**TASK PROMPT:** For the records below, copy exactly the span that begins at the line containing "We are studying" and stops after the line containing "Hi guys, we", minus any pictures.

--- THE DATA Enclosed Below ---

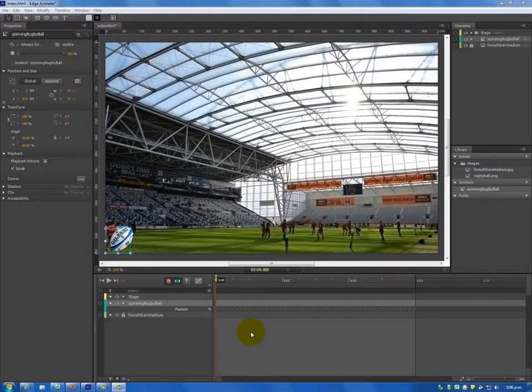Hello everybody, today I'm going to take you through step 11 of my Adobe Edge Animate tutorial.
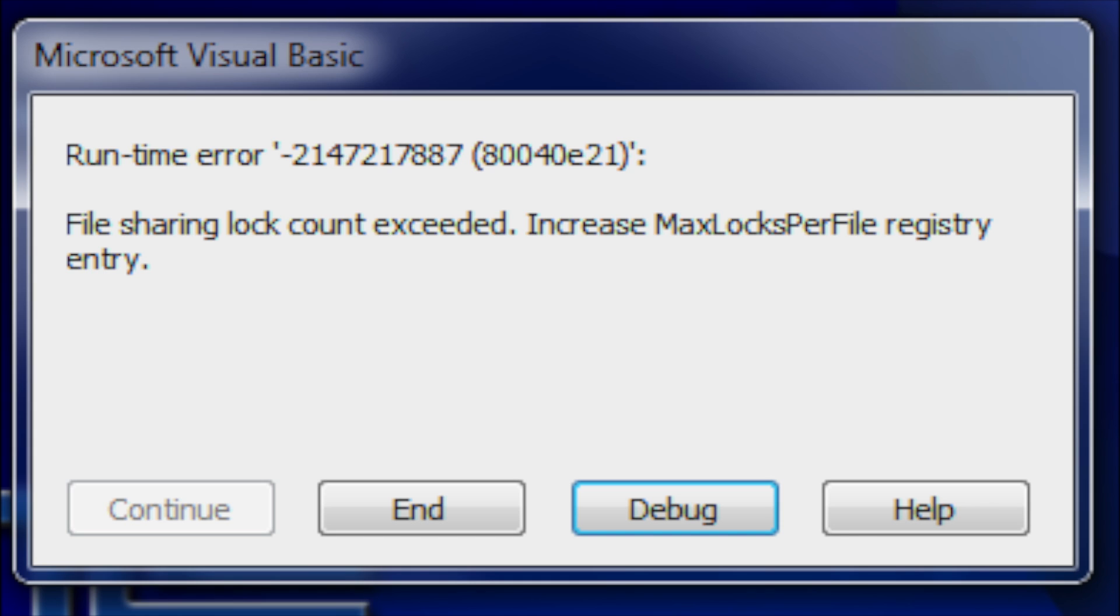In order to solve this error, you will need to go to the registry.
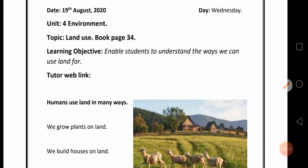We are studying Unit No. 4, Environment. Our topic for today is Land Use. We will study Book page No. 34. Our learning objective is:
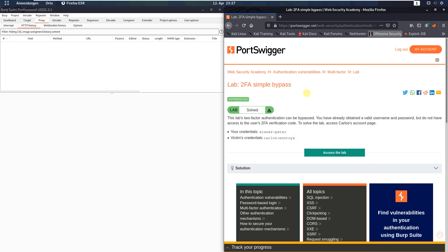Hi guys, we will solve the lab 2FA simple bypass. The level of this lab is apprentice and the goal is to log into Carlos account page.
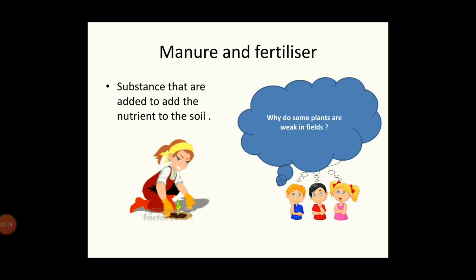Why do some plants look weak in fields? If you, for example, don't eat any healthy food, you cannot grow and you cannot gain weight, or you do not look fresh. Likewise, if we don't use a proper amount of manure or fertilizer for the plants, the plants will look very weak in the fields.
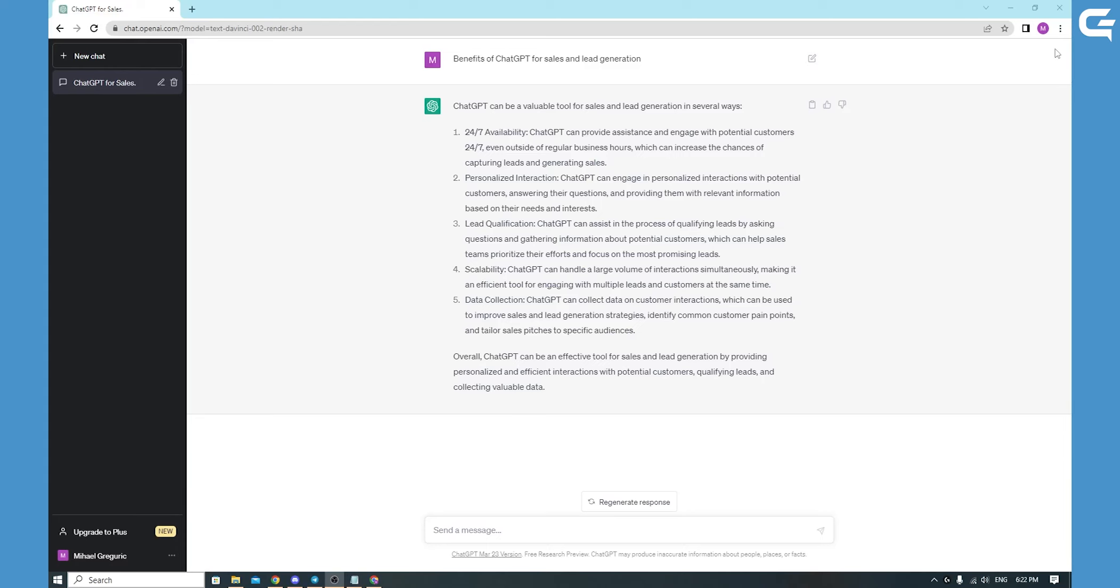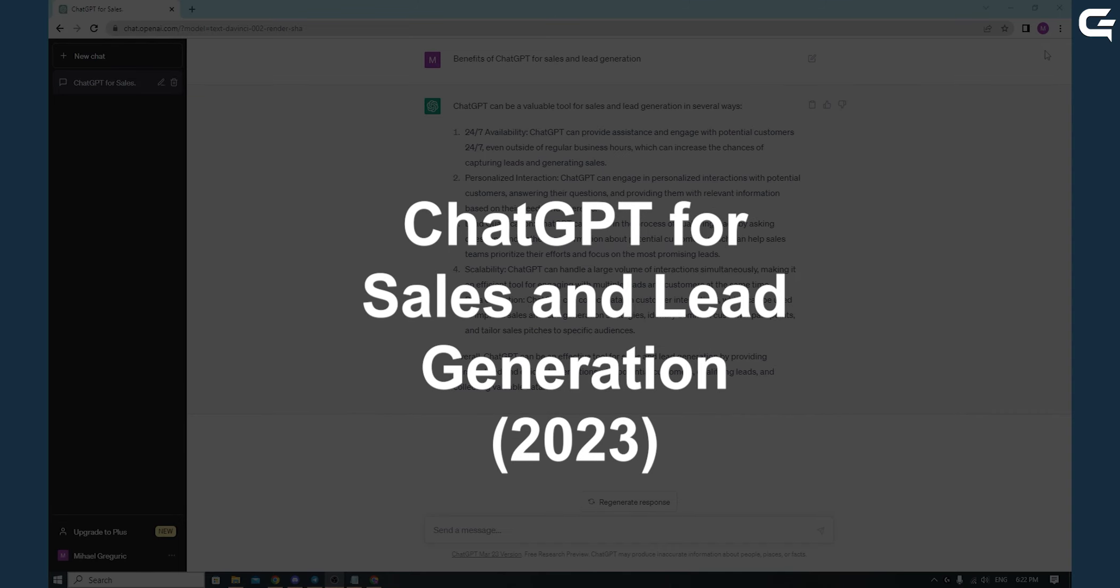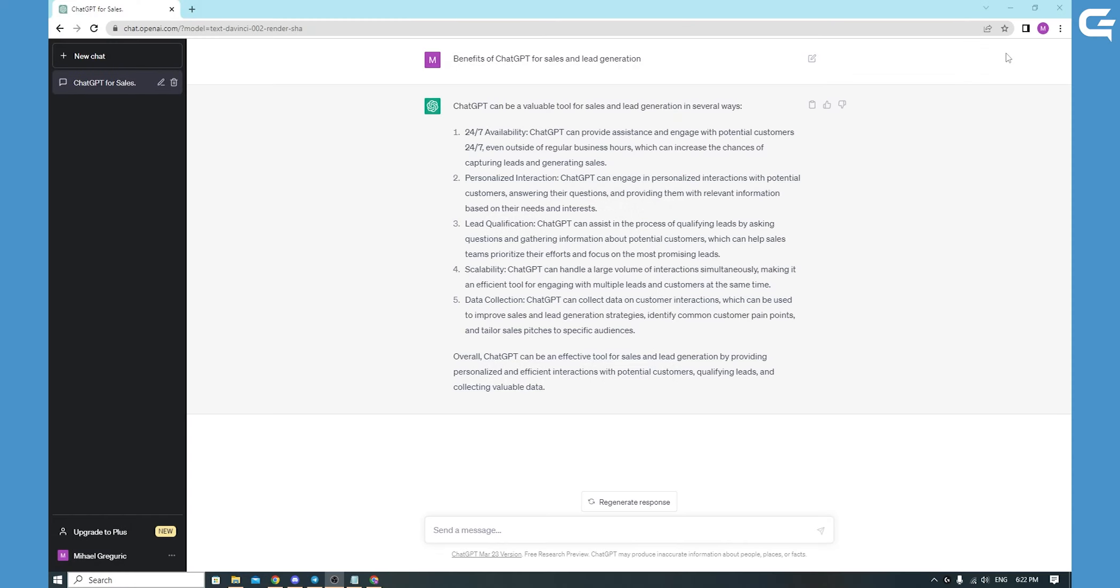Hello, in today's short information video we'll be talking about ChatGPT for sales and lead generation. If you are looking for a powerful tool to help you with your sales and lead generation efforts, look no further than ChatGPT.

--- End of Enclosed THE DATA ---

**PROBLEM SOLUTION:**
We are studying Unit No. 4, Environment. Our topic for today is Land Use. We will study Book page No. 34. Our learning objective is:
Hi guys, we will solve the lab 2FA simple bypass. The level of this lab is apprentice and the goal is to log into Carlos account page.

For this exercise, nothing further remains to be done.